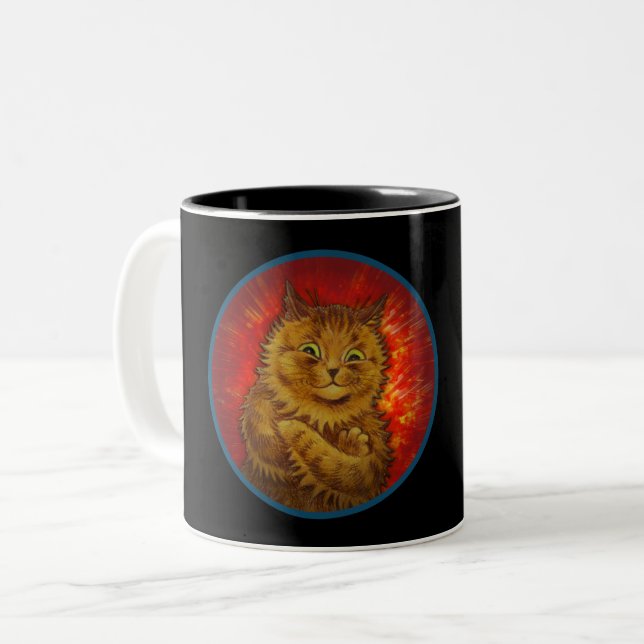 TASSE 2 COULEURS CAFÉ GINGER CAT BUDDDY (Devant gauche)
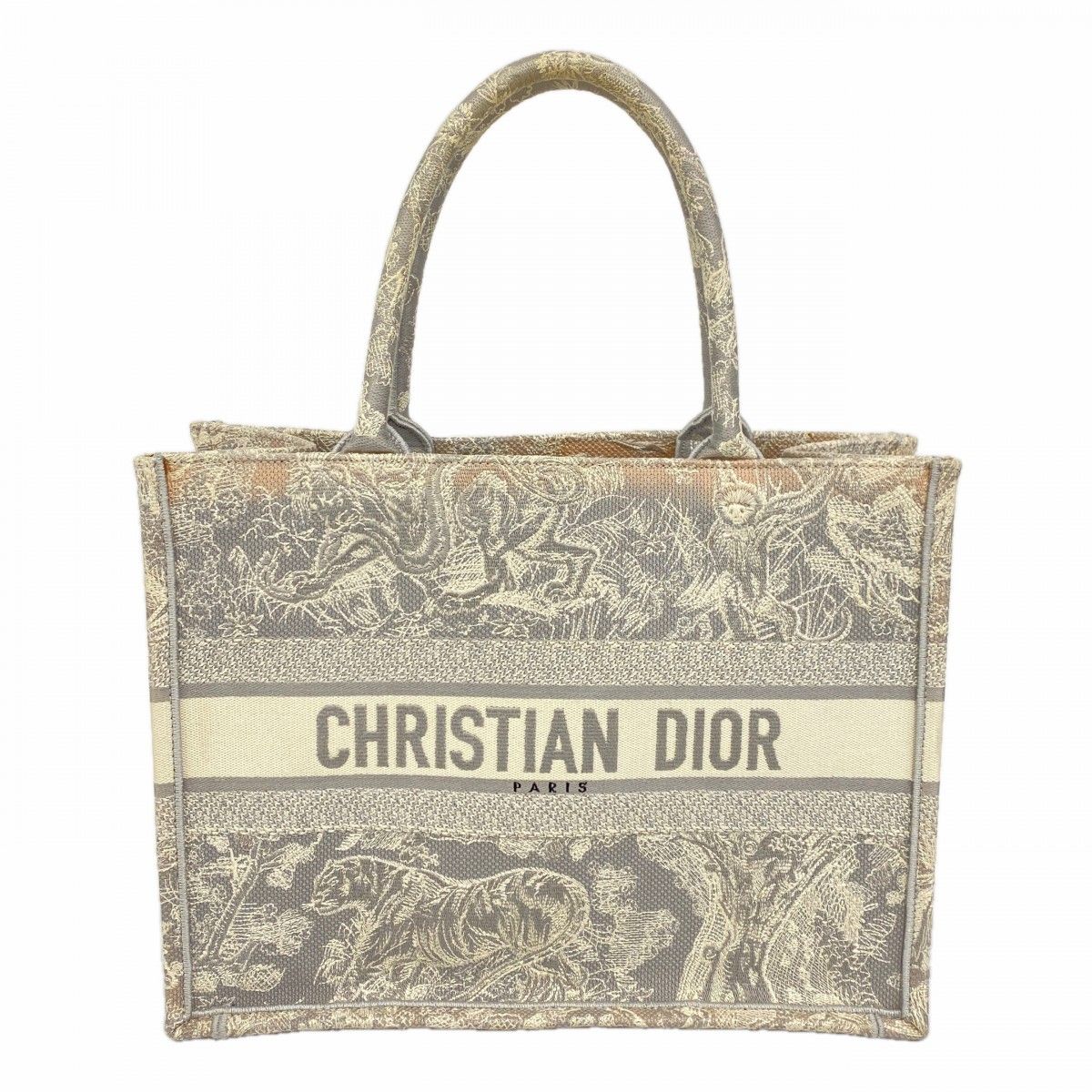 Dior Tote Book Canvas Gray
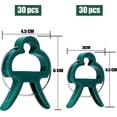 thumbnail image 2 of 60 Pieces Plant Clips For Fixing Tomatoes, Roses, Cucumbers And Other Climbing Plants 2 Sizes Reusable Plant Clips (30 Large Clips And 30 Small Clips), 2 of 5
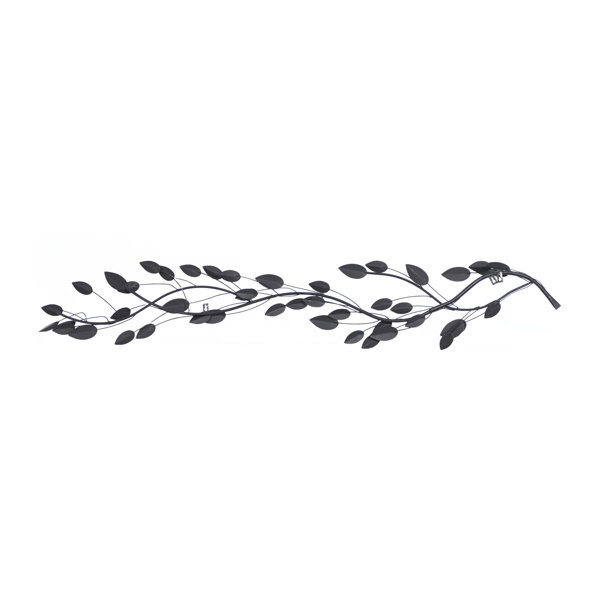 Charlton Home® Metal Leaf Wall Decor & Reviews Wayfair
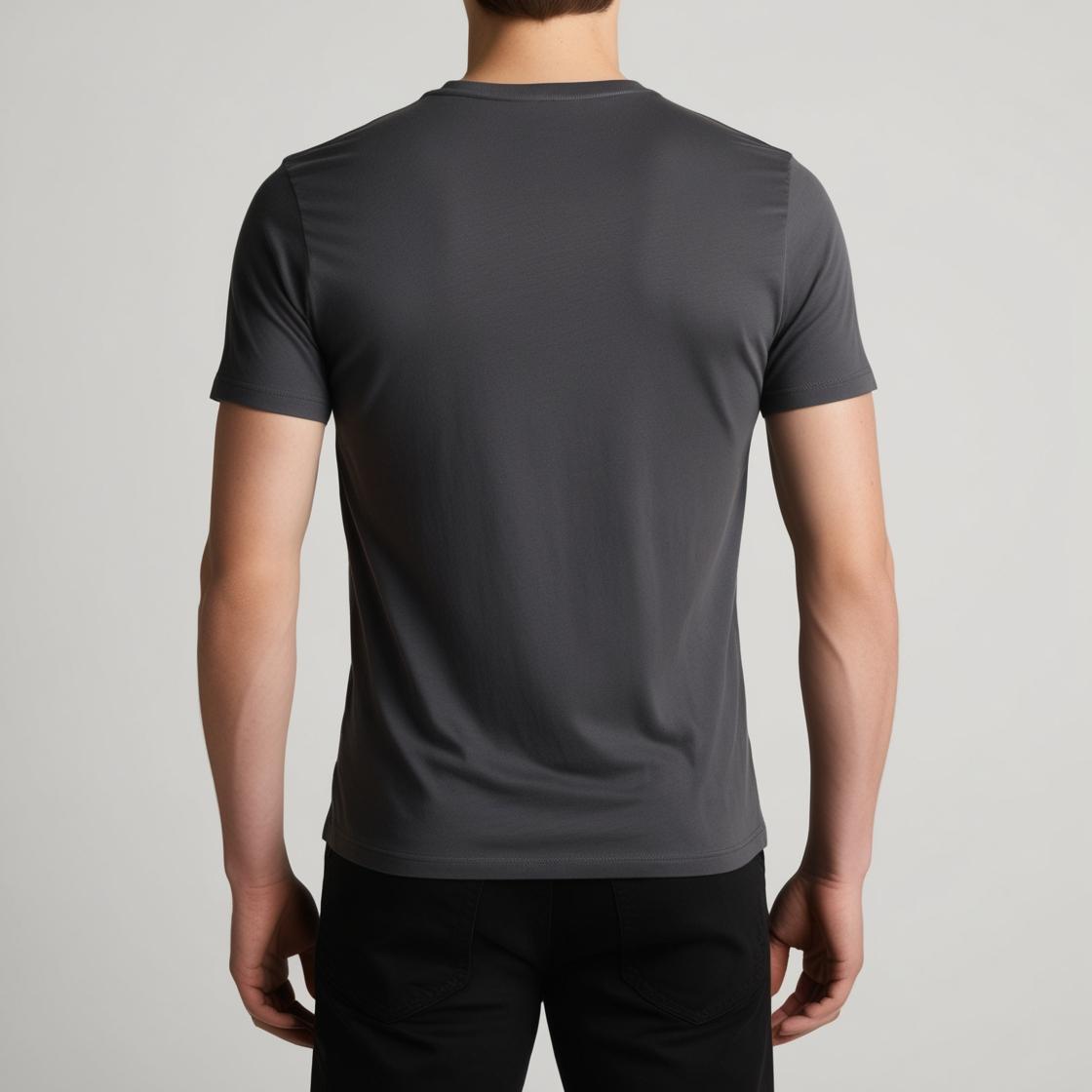 BarelyStylish Slate Gray - Minimalist Cotton T-Shirt for All Day comfort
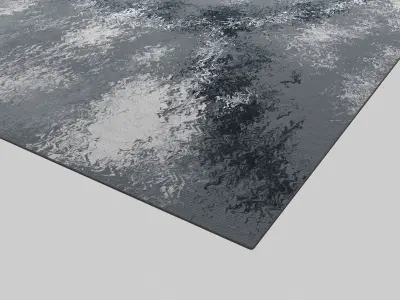 Carpet painting of clouds Free 3D model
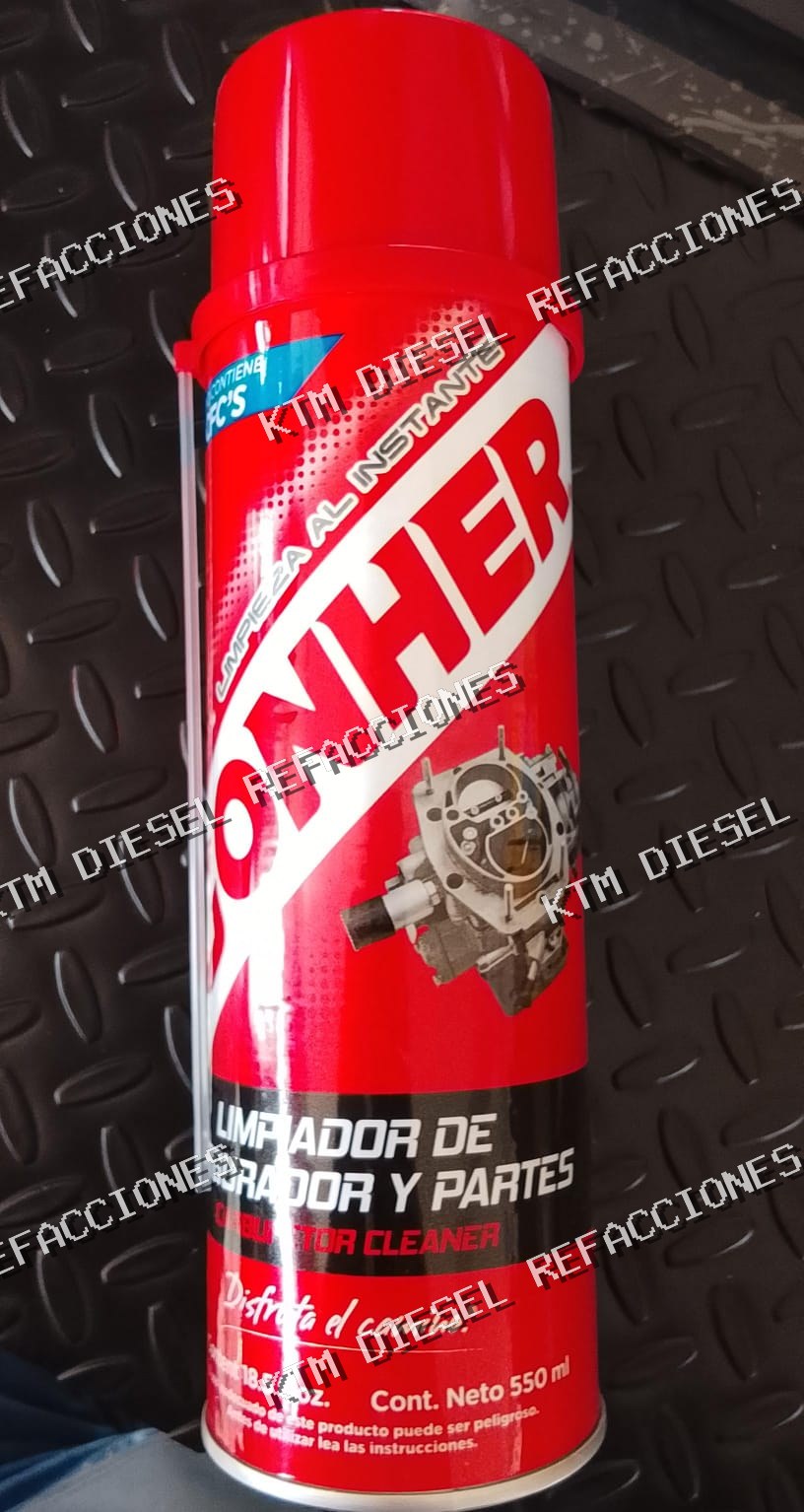 LIMPIADOR DE CARBURADORES Y PARTES GONHER 550ML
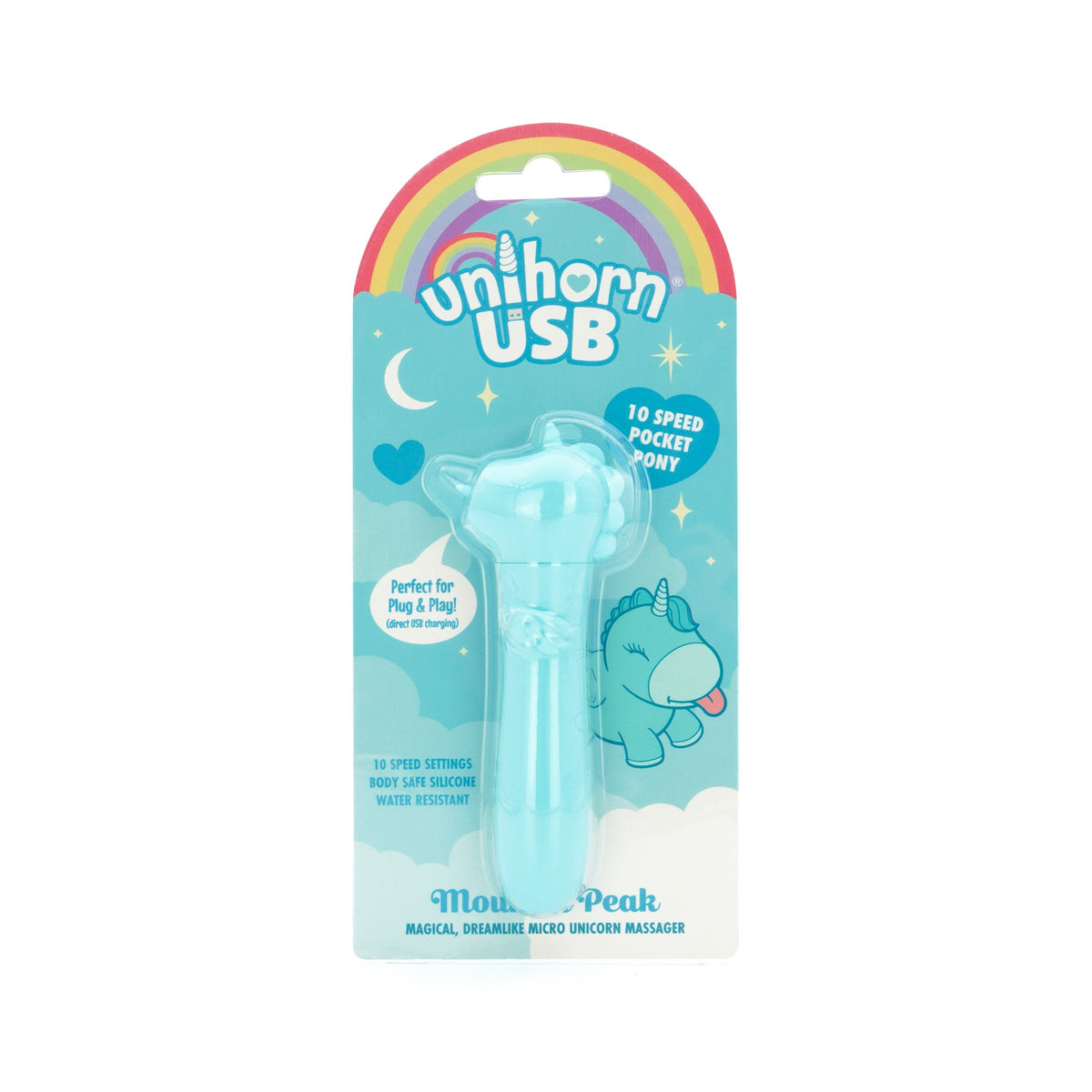 Karma Lilac Unihorn USB (Blue) – Compact Rechargeable Silicone Vibrating Bullet > Vibrators > Ladies > Clitoral Vibrators and Stimulators - Tophatter Daily Deals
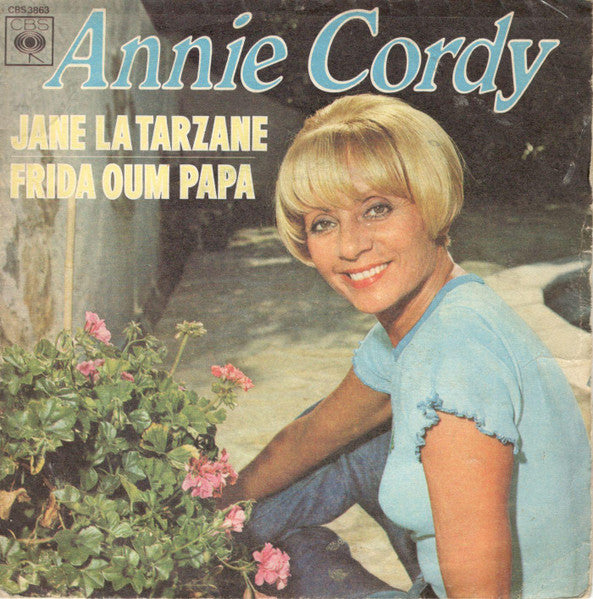 Annie Cordy - Jane La Tarzane Vinyl Singles Vinyl Zeer Goed / Hoesje Goed "VINYLSINGLES.NL"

_PROMPT_. A verbatim rendering of the listing above is required, without any of its pictures.

_TASK RESULT_.
 TASSE 2 COULEURS CAFÉ GINGER CAT BUDDDY (Devant gauche)
 Dior Tote Book Canvas Gray
 thumbnail image 2 of 60 Pieces Plant Clips For Fixing Tomatoes, Roses, Cucumbers And Other Climbing Plants 2 Sizes Reusable Plant Clips (30 Large Clips And 30 Small Clips), 2 of 5
 Charlton Home® Metal Leaf Wall Decor & Reviews Wayfair
 BarelyStylish Slate Gray - Minimalist Cotton T-Shirt for All Day comfort
 Carpet painting of clouds Free 3D model
 LIMPIADOR DE CARBURADORES Y PARTES GONHER 550ML
 Karma Lilac Unihorn USB (Blue) – Compact Rechargeable Silicone Vibrating Bullet > Vibrators > Ladies > Clitoral Vibrators and Stimulators - Tophatter Daily Deals
 Annie Cordy - Jane La Tarzane Vinyl Singles Vinyl Zeer Goed / Hoesje Goed "VINYLSINGLES.NL"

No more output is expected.